Being part of an academic community, when I have a question about water management or want to better understand something I’ve seen in the news media about water, I have endless library resources and a list of experts who just might answer my email or phone call. I can search multiple databases for answers and find information from journals or other academic references buried in library stacks.
However, not everyone has access to these resources, and it takes a lot of time to assemble an understanding of a complex water problem. A water management problem is not just an issue of allocation, but also includes values, economics, politics, history, and even elements of future uncertainty. Even when a resolution is found to a water conflict, the groups involved in the process may have different perspectives on the outcomes from the process and perceptions of their relative success. It is difficult to find ways to synthesize and share this knowledge with everyone who might benefit from it.
There are many organizations and scholars that have looked at water management conflicts, negotiations, and agreements. These findings are in databases, journals, books and buried in unpublished theses. Some of these sources are easy for anyone with basic internet skills to find, but some are not easily accessible to the general public. There are many more opportunities to look at these conflicts, negotiations, and agreements from different perspectives, update case studies with new information, and find ways to apply what we’ve seen in the past to what we hope to accomplish in the future.

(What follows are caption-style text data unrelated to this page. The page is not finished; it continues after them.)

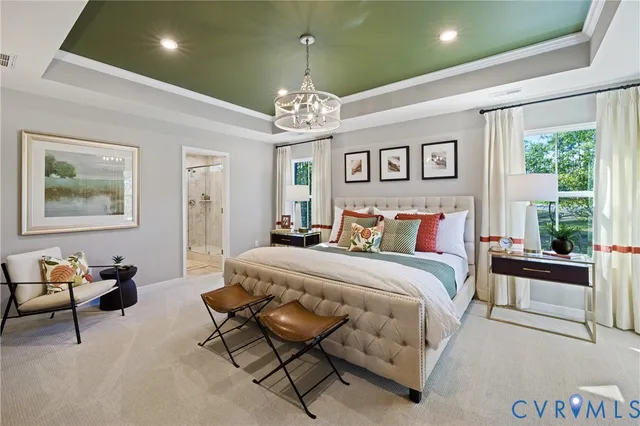 a bed room with a bed mirror and a chandelier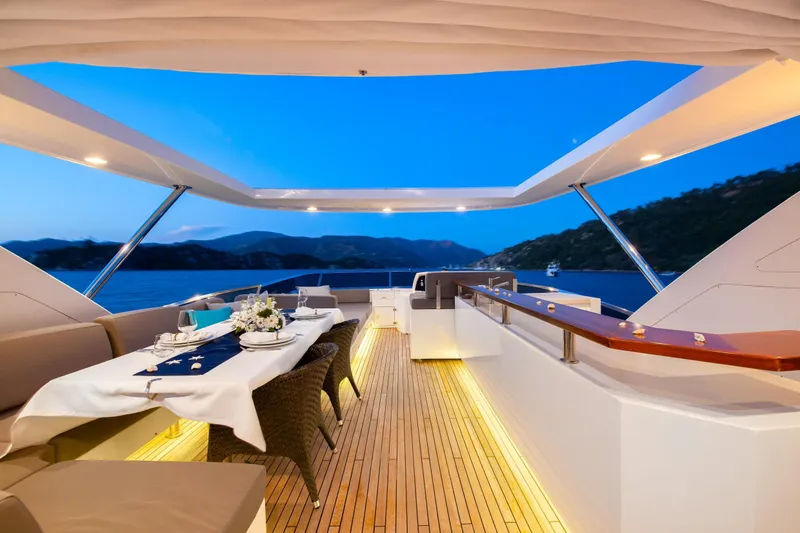 Hubo Yacht Photos Pics Luxurious 2016 Azimut 84 yacht deck with elegant dining setup and scenic ocean view.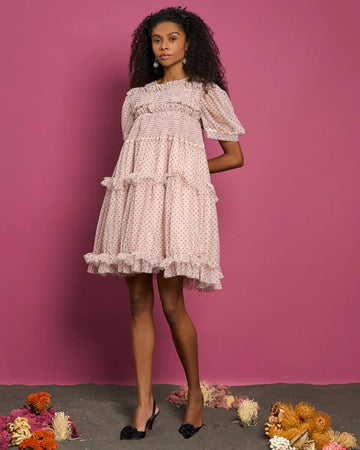 model wearing pink tulle mini dress with ruffle tiers and all over black polka dot print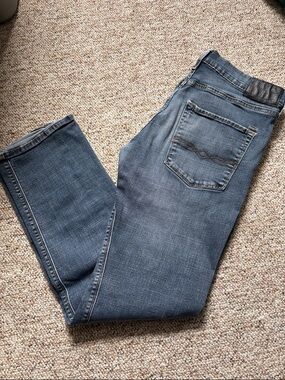 Denizen from Levi's Men's Slim Straight Jeans in Faded Blue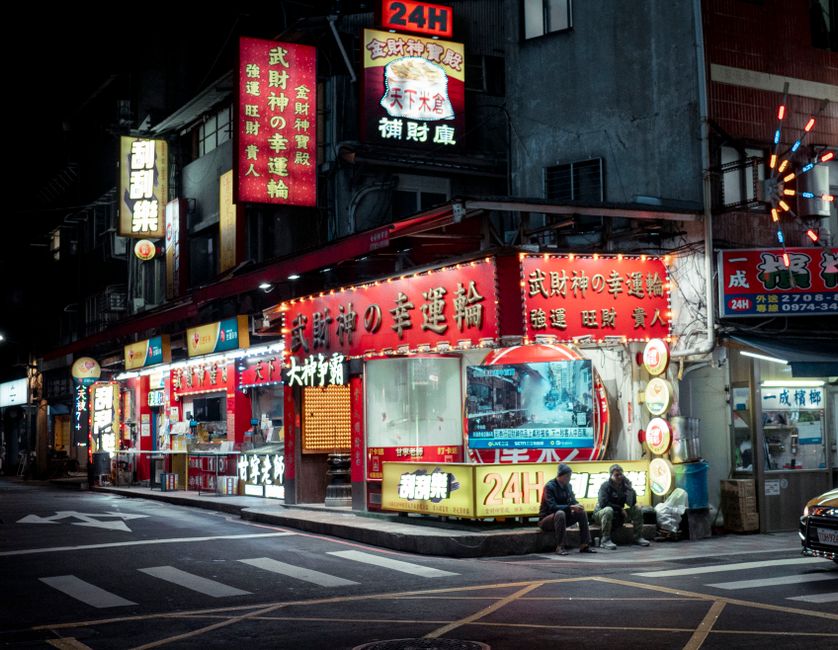 Vibrant Shilin Night Market in Taipei, Taiwan with various street food stalls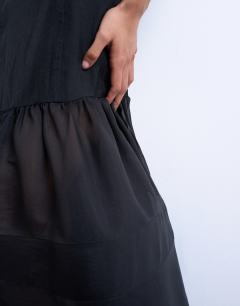 Model wearing Maxi dress with sheer layered volume skirt in black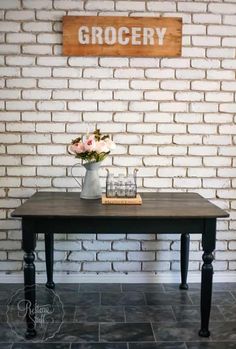 a black table with flowers on it and a sign that says grocery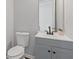 Small half bathroom with gray vanity and faucet at 1784 Treymire Ct, Stone Mountain, GA 30088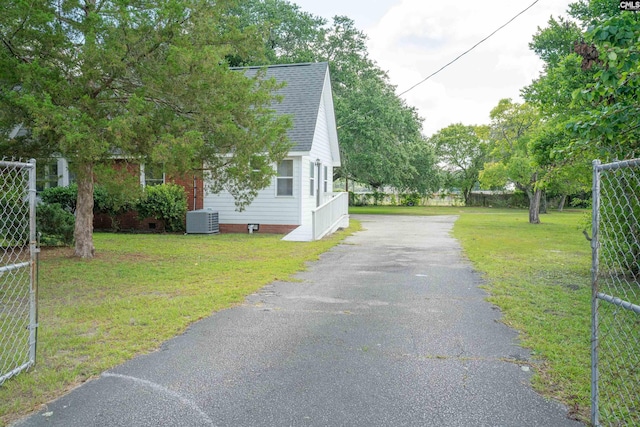 318 Summerland Ave, Batesburg, SC 29006 - view of property exterior with asphalt driveway, a shingled roof, and crawl space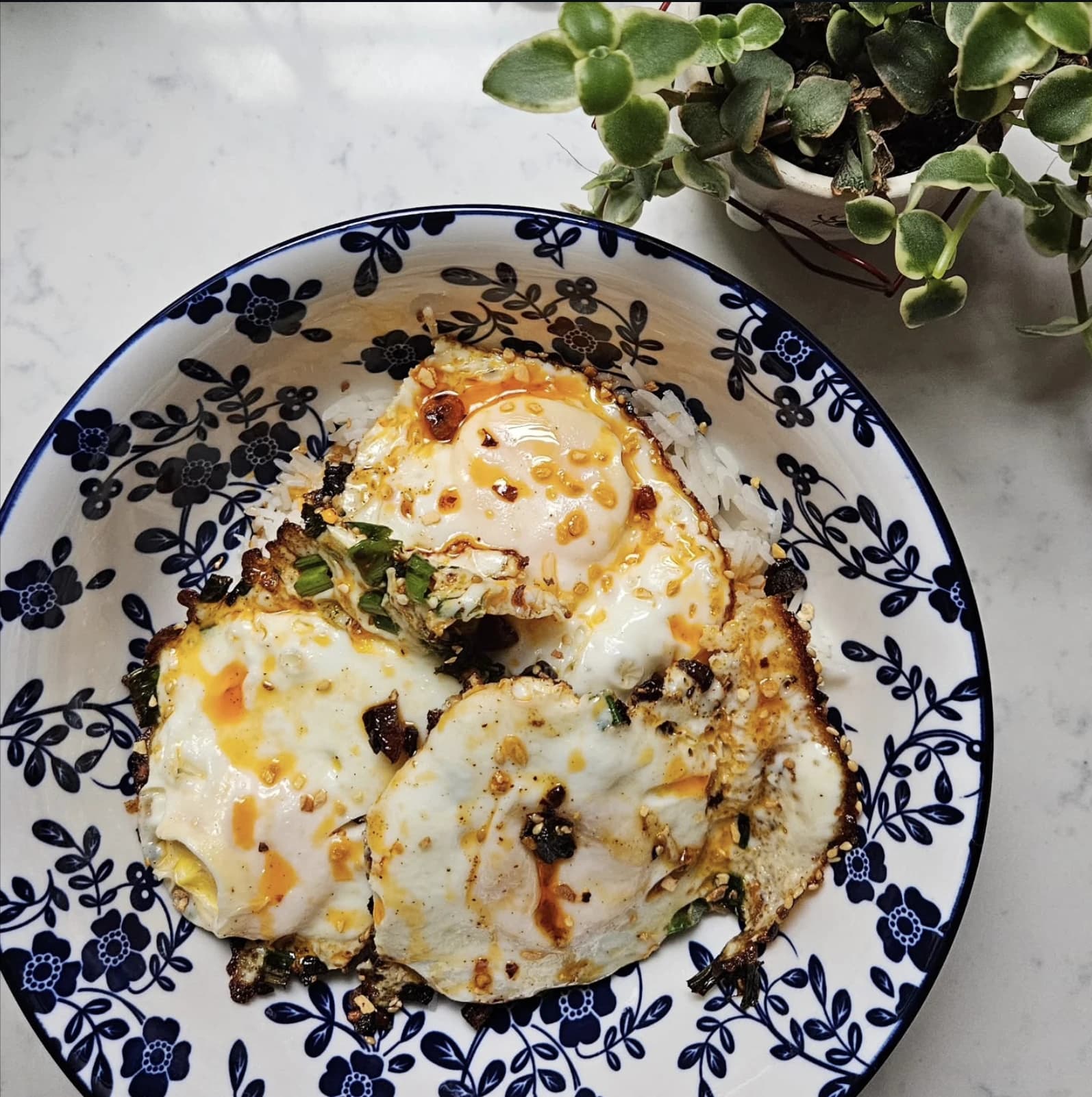 Three fried eggs over steamed rice in a blue floral bowl, drizzled with Ali's Heat Crunch Delight chilli oil.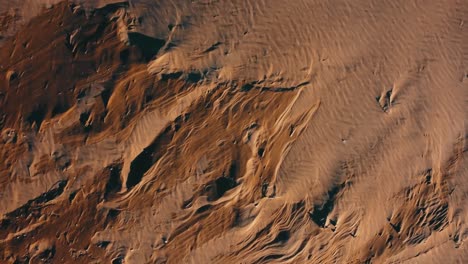 Revealing-upward-shot-of-the-dunes-of-the-Ebro-Delta,-Tarragona,-Spain---Aerial-View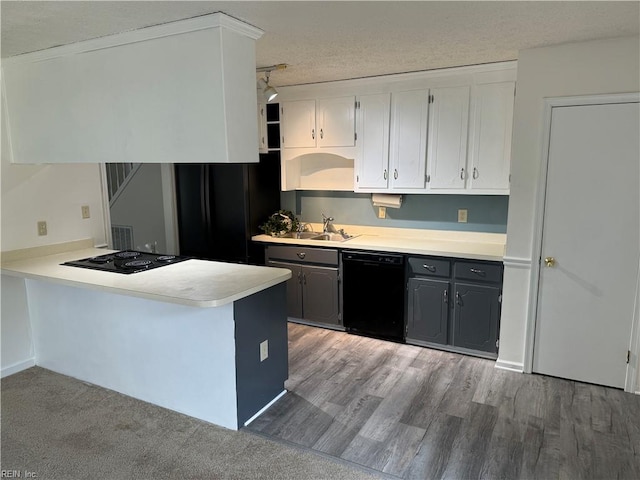 kitchen with black appliances, light wood-type flooring, a textured ceiling, kitchen peninsula, and white cabinetry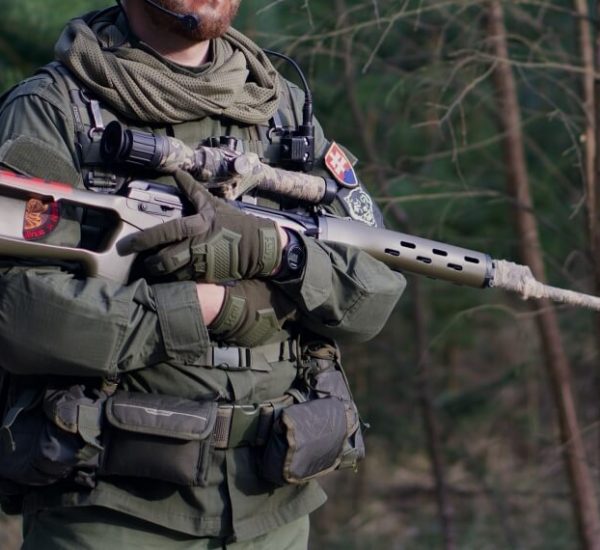 man holding airsoft sniper rifle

This is where the AquaPedia project started. Someone asked: “how can I get reliable information about water management problems quickly?” At the same time, someone else wanted to to know: “how can we start to find, assemble, and share generalizable knowledge for solving water management problems?”
A few years ago, some students and researchers at Tufts University tried to build a database that would start to address these questions, but it didn’t quite get off the ground. When I joined Tufts and Water Diplomacy at the beginning of 2012, AquaPedia became a priority once more, and we were able to take some time to think more about the purpose and functionality of such a site.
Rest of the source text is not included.